L’action est ouverte à tous ceux qui ont un intérêt légitime au succès ou au rejet d’une prétention, sous réserve des cas dans lesquels la loi attribue le droit d’agir aux seules personnes qu’elle qualifie pour élever ou combattre une prétention, ou pour défendre un intérêt déterminé.
Sur le fondement du texte susdit, le demandeur peut exercer devant le juge judiciaire une action en démolition si le demandeur invoque un préjudice personnel, prouve qu’a été commise une violation d’une règle d’urbanisme ou d’une servitude d’utilité publique, et que son préjudice résulte directement d’une telle violation.
L’arrêté du conseil départemental de l’Aube en date du 28 février 2014, énumérant les immeubles protégés au titre de la législation sur les monuments historiques, mentionne, s’agissant de la commune d'[Localité 11]:
château : portail d’entrée avec sa grille, ainsi que la rampe d’escalier en fer forgé (inscription au titre des monuments historiques : 1982).

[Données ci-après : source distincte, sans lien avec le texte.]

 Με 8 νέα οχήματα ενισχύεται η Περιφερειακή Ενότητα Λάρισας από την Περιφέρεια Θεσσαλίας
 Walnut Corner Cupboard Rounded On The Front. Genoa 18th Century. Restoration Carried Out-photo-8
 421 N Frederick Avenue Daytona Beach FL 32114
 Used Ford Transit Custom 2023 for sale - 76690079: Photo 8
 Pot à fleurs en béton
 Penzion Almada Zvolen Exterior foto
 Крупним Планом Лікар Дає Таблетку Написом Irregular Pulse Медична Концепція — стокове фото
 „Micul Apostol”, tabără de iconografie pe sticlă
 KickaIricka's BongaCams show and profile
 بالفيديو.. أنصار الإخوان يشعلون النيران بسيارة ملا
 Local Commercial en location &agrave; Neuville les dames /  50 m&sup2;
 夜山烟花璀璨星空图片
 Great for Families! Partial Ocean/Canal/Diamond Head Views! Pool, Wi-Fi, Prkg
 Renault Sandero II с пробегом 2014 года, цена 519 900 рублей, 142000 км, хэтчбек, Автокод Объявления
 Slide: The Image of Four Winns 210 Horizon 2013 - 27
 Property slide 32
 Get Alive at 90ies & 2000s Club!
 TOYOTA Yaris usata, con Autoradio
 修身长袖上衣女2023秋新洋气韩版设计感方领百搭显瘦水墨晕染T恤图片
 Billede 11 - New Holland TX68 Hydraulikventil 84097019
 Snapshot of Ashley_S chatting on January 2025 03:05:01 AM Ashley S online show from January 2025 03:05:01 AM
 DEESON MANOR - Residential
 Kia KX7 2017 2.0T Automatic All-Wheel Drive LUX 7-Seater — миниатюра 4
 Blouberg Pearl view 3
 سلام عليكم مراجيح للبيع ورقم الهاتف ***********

Il est constant entre parties que l’installation agricole objet du permis de construire annulé, édifiée par les consorts [E], se situe à l’intérieur du périmètre de protection dont bénéfice le château susdit, propriété des époux [A], au titre de la législation sur les monuments historiques.
Et d’ailleurs, le permis de construire annulé énonce lui-même que la construction sollicitée se situe dans le champ de visibilité du château.
Selon l’article 153-4 du règlement sanitaire départemental de l’Aube, les bâtiments renfermant des bovins ne peuvent être implantés à moins de 50 mètres des immeubles habités ou occupés habituellement par des tiers.
Or, il résulte des pièces du dossier, notamment du permis de construire, que la partie du hangar, qui comporte les étables, est située à 41,80 m de la propriété des époux [A], de sorte que le permis de construire méconnaît le règlement sanitaire départemental.
Selon l’article L. 111-3 du code de l’urbanisme,
La reconstruction à l’identique d’un bâtiment détruit ou démoli depuis moins de 10 ans est autorisée nonobstant toute disposition d’urbanisme contraire, sauf si la carte communale, le plan local d’urbanisme ou le plan de prévention des risques naturels prévisibles en dispose autrement, dès lors qu’il a été régulièrement édifié.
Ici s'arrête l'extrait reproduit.